-- Task inputs follows --

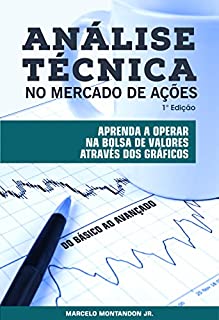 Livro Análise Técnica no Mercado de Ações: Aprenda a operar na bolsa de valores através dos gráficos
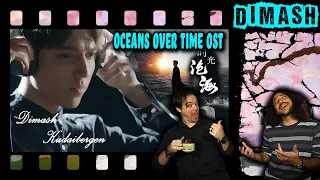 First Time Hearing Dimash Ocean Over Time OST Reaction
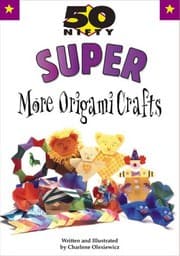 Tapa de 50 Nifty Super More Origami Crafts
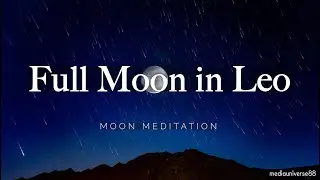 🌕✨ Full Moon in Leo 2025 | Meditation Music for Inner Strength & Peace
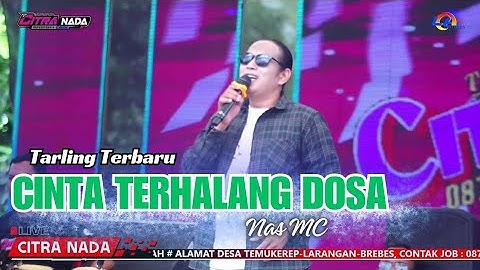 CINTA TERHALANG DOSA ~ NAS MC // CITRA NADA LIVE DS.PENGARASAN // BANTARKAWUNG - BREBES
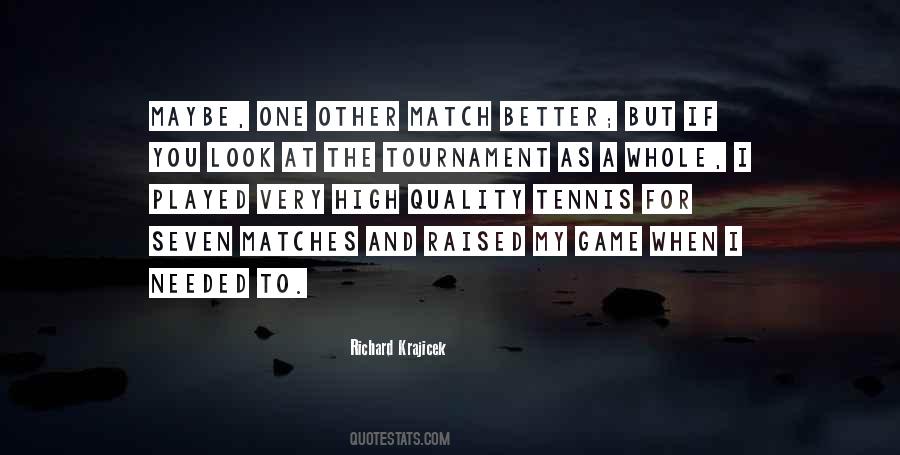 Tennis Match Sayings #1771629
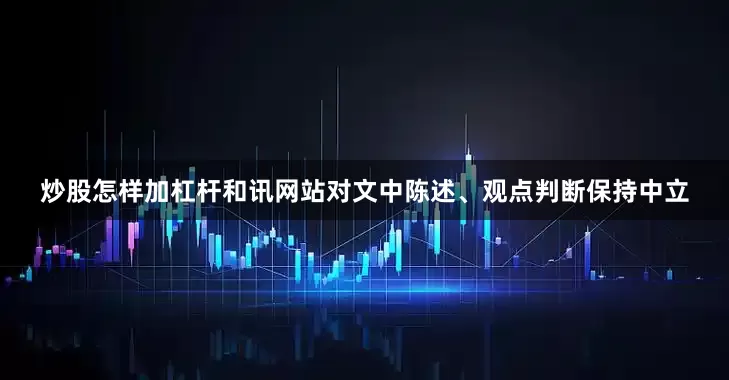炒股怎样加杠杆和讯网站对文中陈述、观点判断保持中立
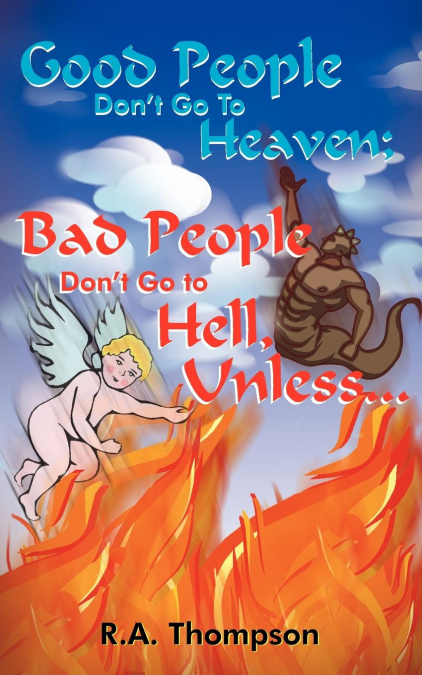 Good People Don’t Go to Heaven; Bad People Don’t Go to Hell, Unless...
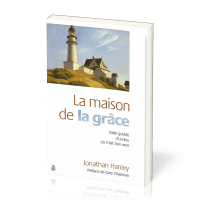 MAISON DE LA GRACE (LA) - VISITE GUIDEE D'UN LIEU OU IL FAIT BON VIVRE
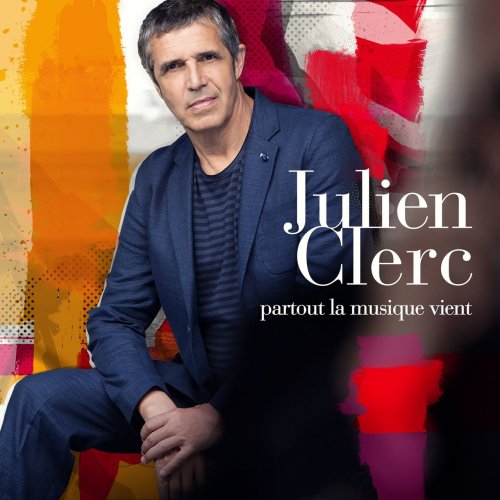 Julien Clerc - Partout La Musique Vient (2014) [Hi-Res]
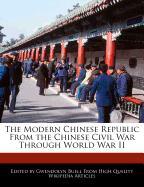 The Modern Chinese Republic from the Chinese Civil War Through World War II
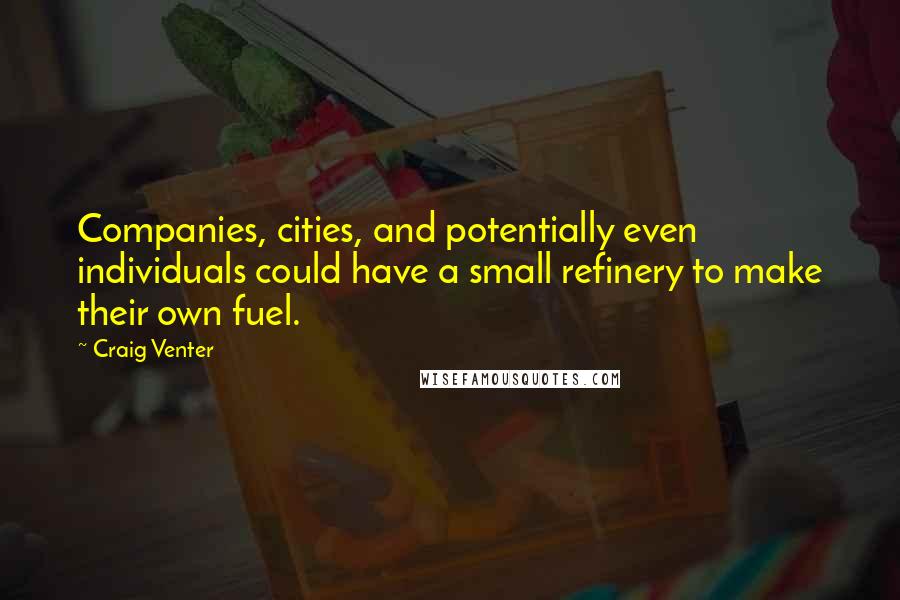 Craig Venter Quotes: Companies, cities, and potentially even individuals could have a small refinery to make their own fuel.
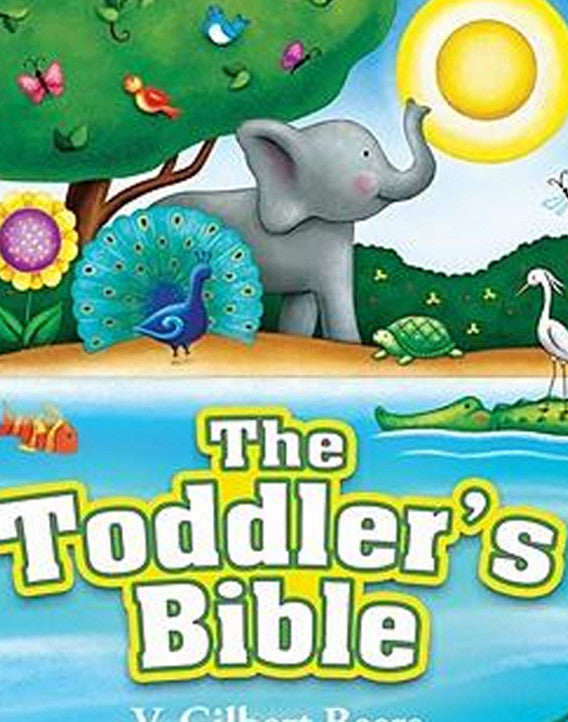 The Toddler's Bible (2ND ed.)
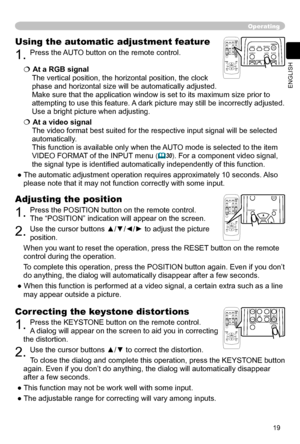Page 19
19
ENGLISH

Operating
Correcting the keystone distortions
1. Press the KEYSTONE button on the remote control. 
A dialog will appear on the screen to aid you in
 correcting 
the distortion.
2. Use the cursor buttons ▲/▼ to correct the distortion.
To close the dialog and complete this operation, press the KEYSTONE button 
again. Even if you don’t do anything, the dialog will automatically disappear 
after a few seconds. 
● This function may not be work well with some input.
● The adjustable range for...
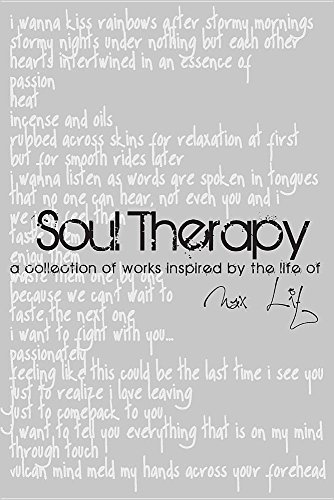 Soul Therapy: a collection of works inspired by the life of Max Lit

-- Task inputs concluded --

Return the full set of lines above word for word and with no pictures.

• Response box:
 Livro Análise Técnica no Mercado de Ações: Aprenda a operar na bolsa de valores através dos gráficos
 First Time Hearing Dimash Ocean Over Time OST Reaction
 Tapa de 50 Nifty Super More Origami Crafts
 🌕✨ Full Moon in Leo 2025 | Meditation Music for Inner Strength & Peace
 CINTA TERHALANG DOSA ~ NAS MC // CITRA NADA LIVE DS.PENGARASAN // BANTARKAWUNG - BREBES
 Tennis Match Sayings #1771629
炒股怎样加杠杆和讯网站对文中陈述、观点判断保持中立
 Good People Don’t Go to Heaven; Bad People Don’t Go to Hell, Unless...
 MAISON DE LA GRACE (LA) - VISITE GUIDEE D'UN LIEU OU IL FAIT BON VIVRE
 Julien Clerc - Partout La Musique Vient (2014) [Hi-Res]
 The Modern Chinese Republic from the Chinese Civil War Through World War II
 Craig Venter Quotes: Companies, cities, and potentially even individuals could have a small refinery to make their own fuel.
 The Toddler's Bible (2ND ed.)
Page 19
19
ENGLISH

Operating
Correcting the keystone distortions
1. Press the KEYSTONE button on the remote control. 
A dialog will appear on the screen to aid you in
 correcting 
the distortion.
2. Use the cursor buttons ▲/▼ to correct the distortion.
To close the dialog and complete this operation, press the KEYSTONE button 
again. Even if you don’t do anything, the dialog will automatically disappear 
after a few seconds. 
● This function may not be work well with some input.
● The adjustable range for...
 Soul Therapy: a collection of works inspired by the life of Max Lit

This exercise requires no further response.